Member of the Eastern Cape Executive Council for Rural Development and Agrarian Reform
- In office 23 May 2014 – 9 May 2018
- Premier: Phumulo Masualle
- Preceded by: Zoleka Capa
- Succeeded by: Xolile Nqatha

Member of the Eastern Cape Executive Council for Local Government and Traditional Affairs
- In office 27 November 2010 – 23 May 2014
- Premier: Noxolo Kiviet
- Preceded by: Sicelo Gqobana
- Succeeded by: Fikile Xasa (for Cooperative Governance and Traditional Affairs)

Personal details
- Born: 16 June 1974 (age 51)
- Citizenship: South Africa
- Party: African National Congress

= Mlibo Qoboshiyane =

South African politician (born 1974)

Mlibo Qoboshiyane (born 16 June 1974) is a South African politician who has been serving as Deputy Speaker of the Eastern Cape Provincial Legislature since 17 May 2018. Before that, he was the Eastern Cape's Member of the Executive Council for Rural Development and Agrarian Reform from 2014 to 2018 under Premier Phumulo Masualle.

== Political career ==
In a cabinet reshuffle announced on 27 November 2010, Noxolo Kiviet, then the Premier of the Eastern Cape, appointed Qoboshiyane to the Eastern Cape Executive Council as Member of the Executive Council (MEC) for Local Government and Traditional Affairs. Qoboshiyane held that office until the 2014 general election, when he was re-elected to his seat in the Eastern Cape Provincial Legislature, ranked second on the provincial party list of the African National Congress (ANC). After the election, newly elected Premier Phumulo Masualle appointed him MEC for Rural Development and Agrarian Reform.

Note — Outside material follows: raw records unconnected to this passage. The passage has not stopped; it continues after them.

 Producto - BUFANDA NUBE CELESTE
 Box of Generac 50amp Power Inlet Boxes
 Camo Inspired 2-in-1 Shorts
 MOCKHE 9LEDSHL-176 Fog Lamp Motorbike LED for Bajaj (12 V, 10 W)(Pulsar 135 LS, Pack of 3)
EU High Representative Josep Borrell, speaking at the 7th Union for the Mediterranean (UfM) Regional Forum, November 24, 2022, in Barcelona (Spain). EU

Qoboshiyane remained in that portfolio until 9 May 2018, when Masualle effected a major cabinet reshuffle in which Qoboshiyane was fired and replaced by Xolile Nqatha. City Press reported that the provincial leadership of the ANC, led by Oscar Mabuyane, had forced Masualle to make the changes. Mabuyane had succeeded Masualle as ANC Provincial Chairperson at a hotly contested party elective conference in October 2017, at which Qoboshiyane had supported Masualle over Mabuyane.

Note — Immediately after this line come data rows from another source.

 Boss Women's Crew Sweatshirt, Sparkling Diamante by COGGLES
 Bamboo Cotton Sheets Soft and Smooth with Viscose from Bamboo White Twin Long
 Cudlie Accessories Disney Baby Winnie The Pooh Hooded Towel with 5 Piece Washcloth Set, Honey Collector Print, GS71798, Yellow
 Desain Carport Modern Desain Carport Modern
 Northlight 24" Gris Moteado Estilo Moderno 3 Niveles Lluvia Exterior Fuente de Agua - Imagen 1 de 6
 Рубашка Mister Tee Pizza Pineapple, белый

After he left the Executive Council, Qoboshiyane retained his legislative seat. On 17 May 2018, he was elected unopposed as the Deputy Speaker of the Eastern Cape Provincial Legislature; he succeeded Bulelwa Tunyiswa, who had been appointed to the Executive Council in the same reshuffle in which Qoboshiyane was fired. In the 2019 general election, Qoboshiyane was re-elected to the legislature, ranked seventh on the ANC's party list, and was re-elected as Deputy Speaker.

Ahead of the ANC's next party elective conference in 2022, Qoboshiyane campaigned to replace Mabuyane as ANC Provincial Chairperson. Mabuyane and Babalo Madikizela were viewed as the frontrunners in the election, but Qoboshiyane presented himself as a compromise candidate leading a slate which also included MECs Fundile Gade and Weziwe Tikana-Gxothiwe. However, when the conference opened in May 2022, Qoboshiyane withdrew his name from contention and joined Madikizela's slate. Mabuyane ultimately won re-election and, at the same conference, Qoboshiyane failed to gain election to the ANC's Provincial Executive Committee.

== Personal life ==
Qoboshiyane has a twin sister, Mlibokazi; their birthday is 16 June. He is married to Vatiswa Qoboshiyane.